Sementara Liceo yang masih membopong tubuh Lareina, semakin merasa gelisah dan tidak tenang. “Aahh, lebih baik aku berjalan perlahan-lahan saja menuju jalan.”

Liceo pun berjalan menyusuri jalan setapak itu. Namun, seketika langkahnya terhenti ketika samar-samar dia mendengar suara orang yang sedang mengobrol.

Secepat kilat dia berlari ke arah kayu besar. Dia bersembunyi di sana, di bawah pohon besar tersebut sambil memperhatikan dua orang perempuan yang sedang berjalan sambil menggendong kayu bakar di punggungnya.

“Sudah sore begini, tapi aku belum melihat lagi Lareina. Ke mana gadis itu? Tidak biasanya dia libur mencari kayu bakar.”

“Mungkin dia sedang fokus merawat ibunya yang sakit parah. Dia kan hanya tinggal berdua dengan ibunya, jadi jika dia pergi mencari kayu bakar maka ibunya tidak ada yang mengurus dan merawat.”

“Kasihan sekali nasib Lareina. Ayahnya pergi meninggalkannya ketika dia masih kecil. Ayahnya lebih memilih wanita selingkuhannya daripada Lareina dan ibunya.”

“Iya, benar. Dan semenjak kepergian ayahnya itu, Lareina lah yang menjadi tulang punggung untuk membiayai sekolah dan kehidupannya dengan ibunya.”

“Kasihan sekali gadis malang itu. Sejak dia kecil, remaja, hingga kini dewasa, dia tidak pernah menikmati masa-masa indah kanak-kanak dan masa gadisnya seperti teman-temannya yang lain. Karena dia hanya fokus mencari uang dan mengurus ibunya yang sakit.”

Pendengaran Liceo yang masih normal, mendengar dengan jelas semua pembicaraan kedua perempuan tersebut, hingga mereka pun berlalu pergi meninggalkan hutan itu.

Mata Liceo kini menatap wajah Lareina. Entah mengapa, hatinya tiba-tiba terasa sesak mendengar tentang sosok Lareina. Kini, perasaan bersalah dan menyesal menghinggapi hatinya.

Lareina memang tinggal di desa tersembunyi dan terpencil di Italia, yang belum dikenal luas oleh wisatawan karena berada jauh dari pusat kota.
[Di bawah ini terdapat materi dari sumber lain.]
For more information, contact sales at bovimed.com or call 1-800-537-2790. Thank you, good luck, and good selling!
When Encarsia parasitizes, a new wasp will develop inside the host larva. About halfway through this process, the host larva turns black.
Pekerjaannya sehari-hari hanya mencari kayu bakar, lalu dijualnya pada tengkulak kayu. Kayu-kayu bakar tersebut akan dibawa ke pusat perkotaan untuk bahan bakar memanggang pizza.

‘A-apa yang sudah kulakukan pada gadis ini? A-aku telah menghancurkan masa depannya hanya demi ambisiku saja. Aku ini benar-benar lelaki biadab dan kejam,’ batin Liceo.